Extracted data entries
=== Begin Enclosure ===

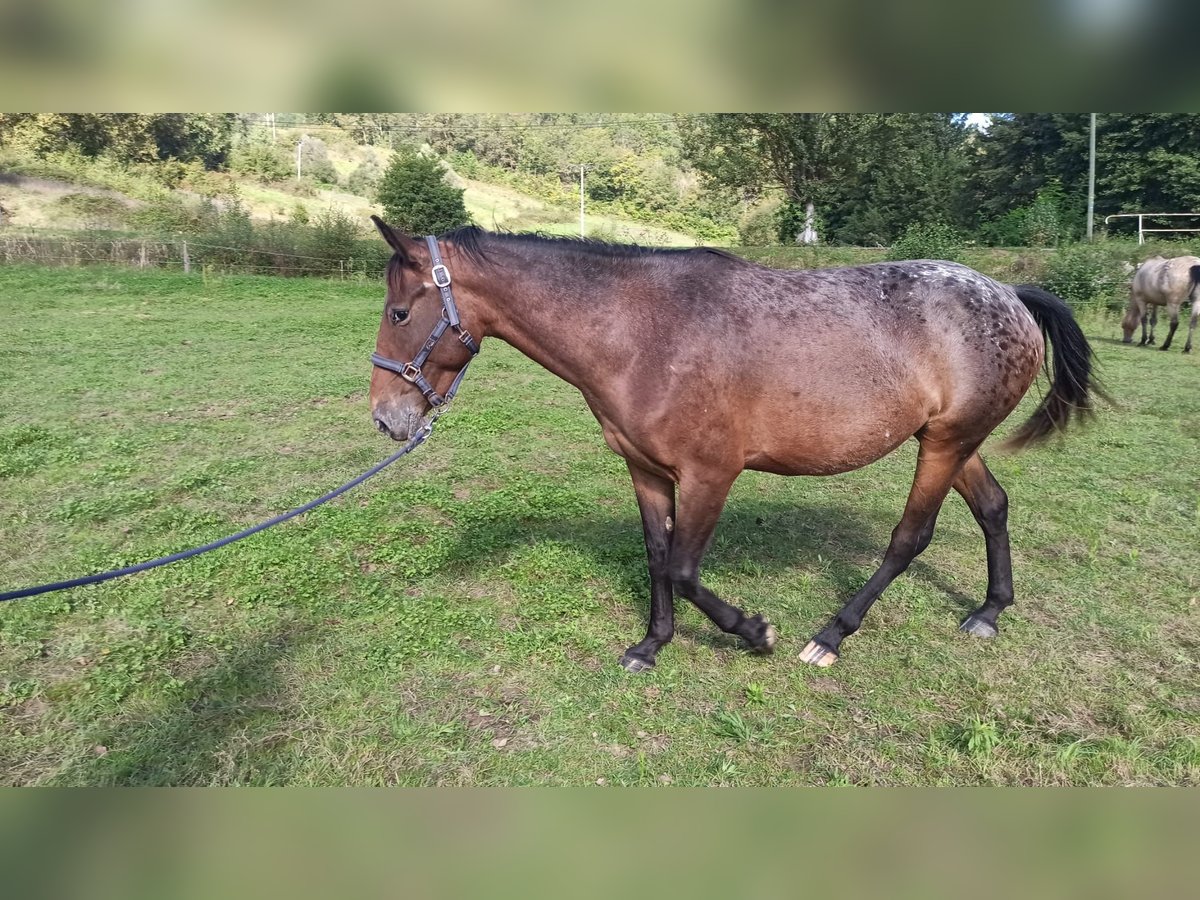 Appaloosa Giumenta 4 Anni 153 cm Baio scuro in Montbrun-Bocage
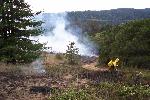 Prescribed Fire photo 12: Mop-Up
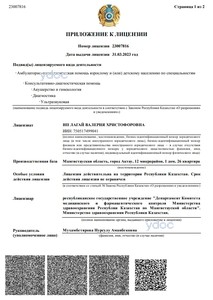 Приложение к лицензии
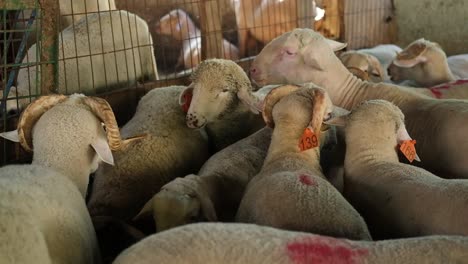 A-sacrificial-goat-is-being-fed-at-a-makeshift-livestock-market-ahead-of-the-Muslim-festival-of-Eid-al-Adha,-in-Turkey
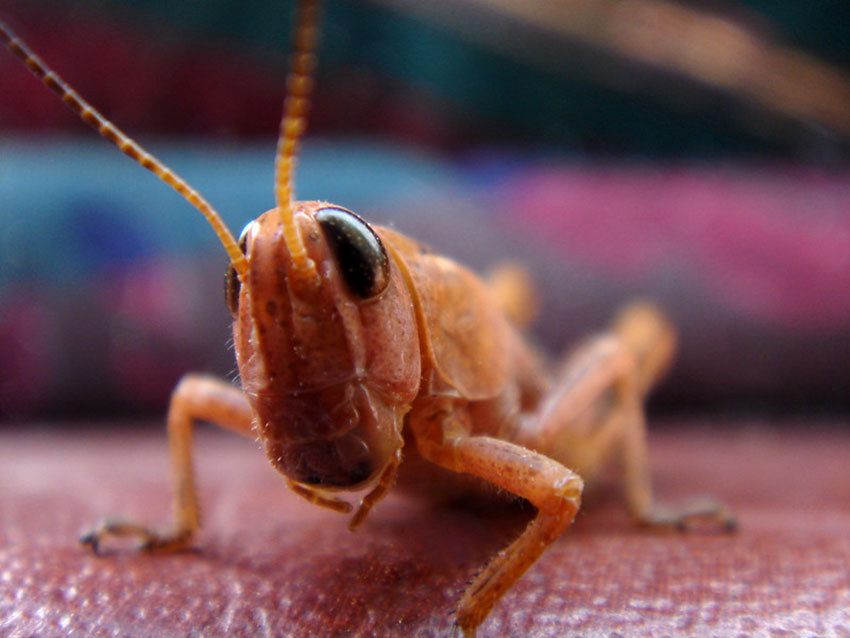 Grasshopper close-up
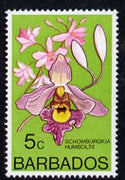 Barbados 1975-79 Schomburgkia humboltii 5c Orchid unmounted mint SG 514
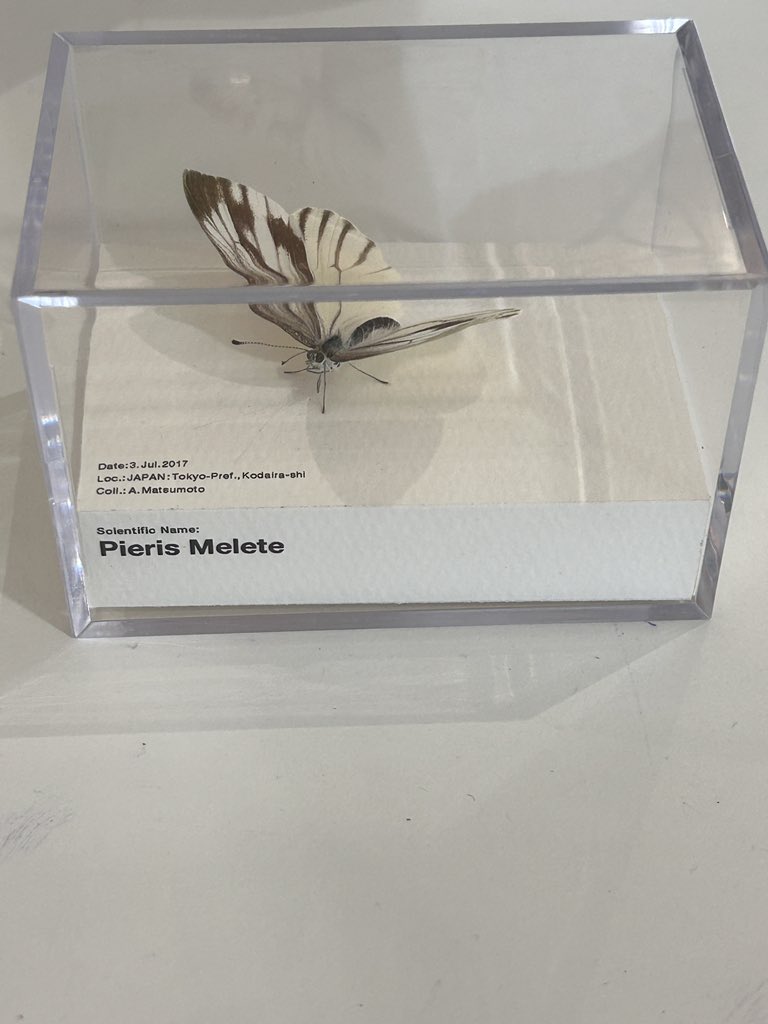 ^______^ (@can_i_b_u___) on Twitter photo 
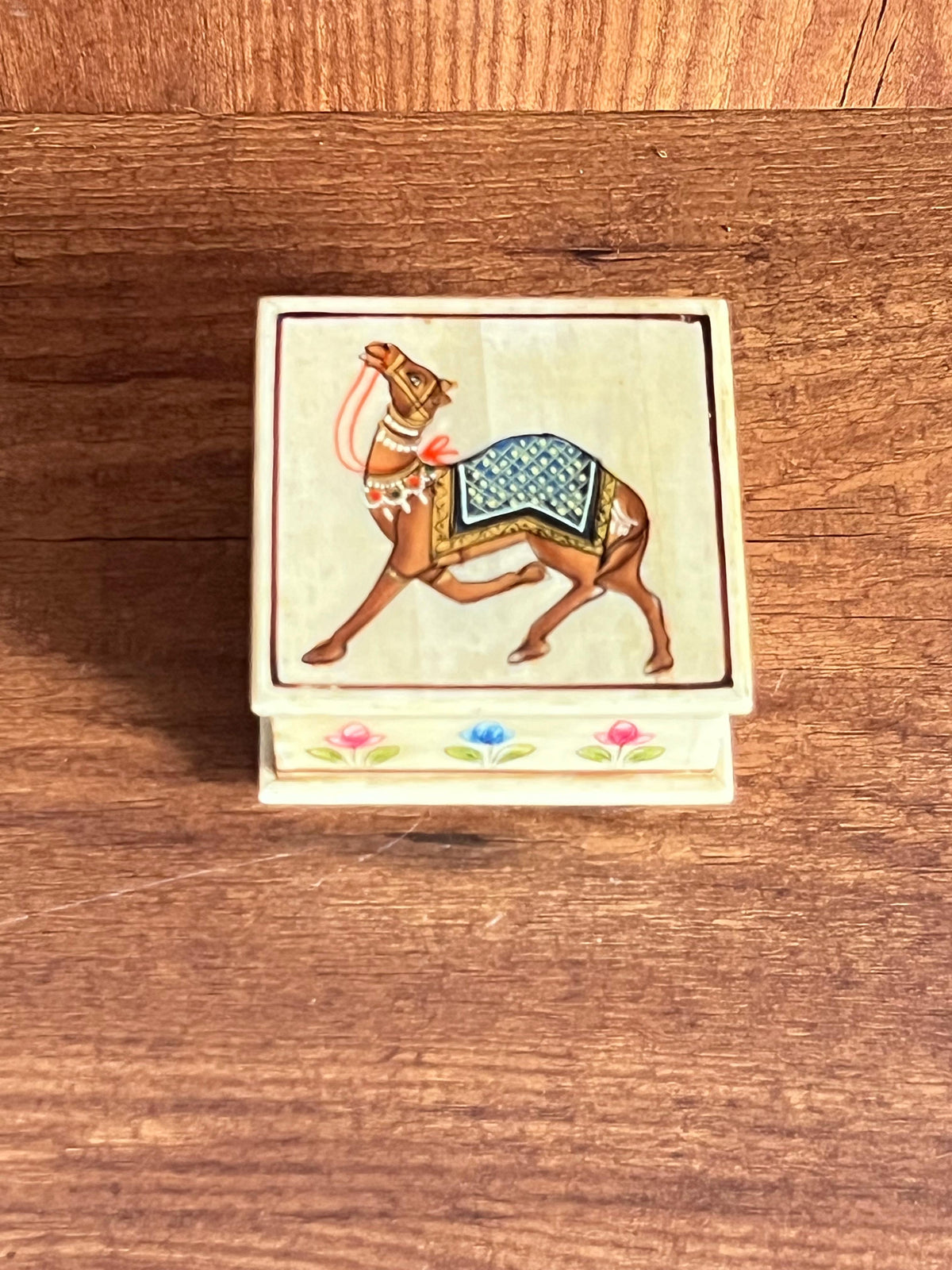 Hand Painted Camel Bone Box ￼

=== End Enclosure ===

Task
Only the words belong in your copy: restate the data above exactly and leave the images out.

Your response
 Appaloosa Giumenta 4 Anni 153 cm Baio scuro in Montbrun-Bocage
 Prescribed Fire photo 12: Mop-Up
 Приложение к лицензии
 A-sacrificial-goat-is-being-fed-at-a-makeshift-livestock-market-ahead-of-the-Muslim-festival-of-Eid-al-Adha,-in-Turkey
 Grasshopper close-up
 Barbados 1975-79 Schomburgkia humboltii 5c Orchid unmounted mint SG 514
 ^______^ (@can_i_b_u___) on Twitter photo 
 Hand Painted Camel Bone Box 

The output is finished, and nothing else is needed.